Justice Paula-Mae Weekes was unanimously and overwhelmingly supported by the governing People’s National Movement, the main opposition United National Congress (UNC), civil society and other groups to become Trinidad’s first ceremonial president and head of state.
“Go brave,” said UNC leader and former Prime Minister Kamla Persad-Bissessar in a missive she penned to Weekes a day before she was due to be sworn in. Persad-Bisessar was Trinidad’s first woman head of government and served a single five-year term up to 2015.
Weekes’ open-air inauguration ceremony will be broadcast live in the twin-island republic, with sister isle Tobago and in neighboring Caribbean Community nations as she becomes the latest in a long line of female heads of government in the region. Most of the positions are titular or ceremonial positions.
Weekes’ nomination to the position in the oil and gas-rich most southern nation in the Caribbean island chain comes just three months after neighboring Barbados chose a respected woman judge to become the island’s governor general.
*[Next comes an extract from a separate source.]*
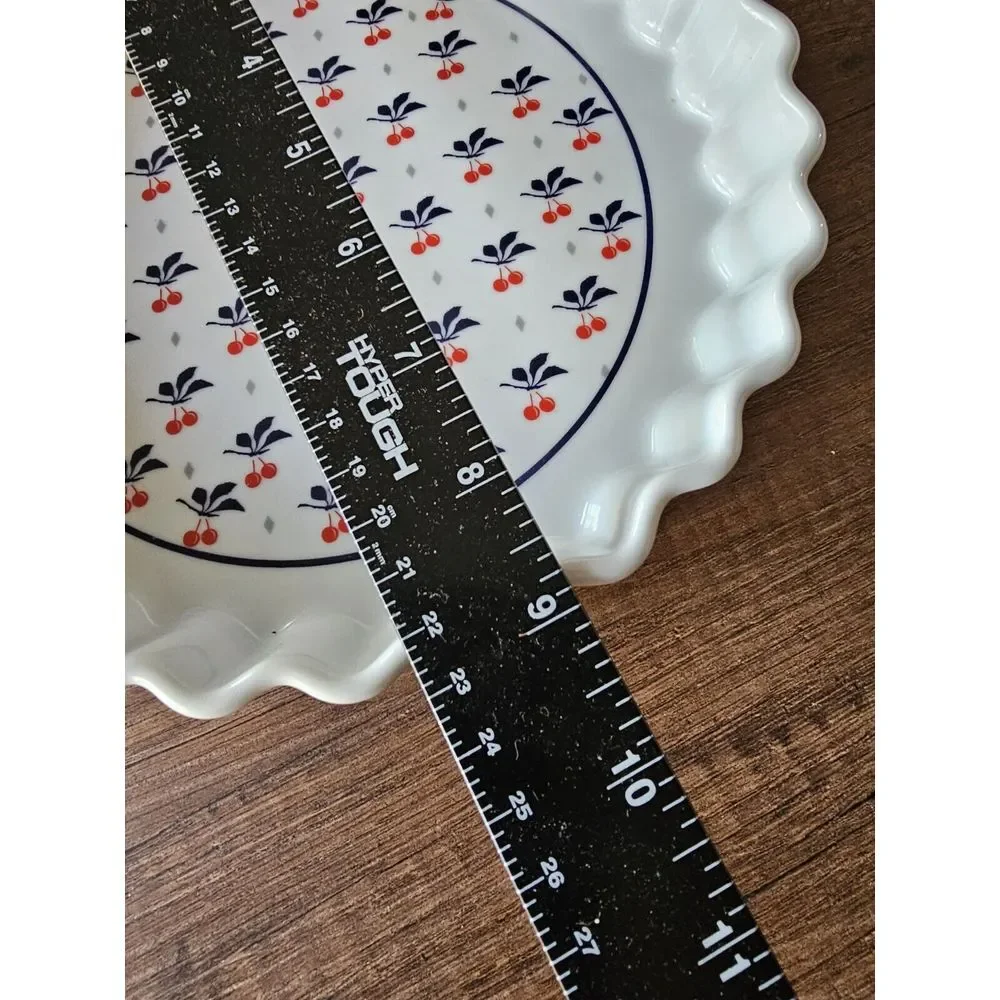 1970s Cherry Design Ceramic Baking Dish, Pie Tart 8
Because Barbados is not a republic like Trinidad, the head of state in Barbados is governor general rather than president. That person serves as Queen Elizabeth’s representative in Barbados. Trinidad has basically severed ties with Britain, its former colonizer.
In early January, Justice Sandra Mason was sworn in as governor general of Barbados, the second woman to be so sworn after Dame Nita Barrow. Mason has the distinction of being the first woman admitted to the bar on the island and its first female appeals court judge.
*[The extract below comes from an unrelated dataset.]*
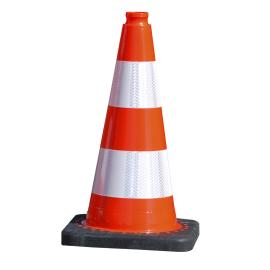 Cône de signalisation 50cm 2 Kg PEC avec base noire en PVC recyclé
Their mandates demand that Weekes and Mason must be above the political and partisan fray and will join a burgeoning list of distinguished women holding high positions. Some are also leaders of the main opposition parties and could be elected as prime ministers in the coming months.
For example, polls in Barbados are showing that attorney Mia Mottley will more than likely defeat incumbent Prime Minister Freundel Stuart when elections are called before midyear, as is constitutionally mandated.
The 30-member parliament has already been dissolved. All that remains is for Stuart, who is running the clock to almost the very last, to call a date for the election as the island’s economy sags, foreign exchange reserves are at an all-time low and a major sewage problem on the south coast is causing hotels and other businesses millions in lost revenues weekly.
There are also several women at the national helm both in the 15-nation CARICOM bloc of nations and in the wider Caribbean.
Lucille George-Wout has been governor of Curacao, a Dutch territory, since November of last year. In nearby Aruba, Evelyn Wever-Croes is prime minister, as is Sharlene Cartwrtight-Robinson in the Turks and Caicos Islands as that country tries to recover from the devastating 2017 hurricane season.
Cecile La Grenade is governor general of Grenada and Marguerite Pindling has been governor general of the Bahamas since 2014. Like Mottley of Barbados, Persad-Bissessar of Trinidad is waiting to become prime minister again if her party wins the 2020 general elections.
Persad-Bisessar said to Weekes, “There was a general feeling that my elevation to the office of prime minister augured well for the future of women and girls in our nation in relation to leadership and empowerment. Your presidency is undoubtedly both a reflection of this as well as a marked and welcome continuation of this progressive development.”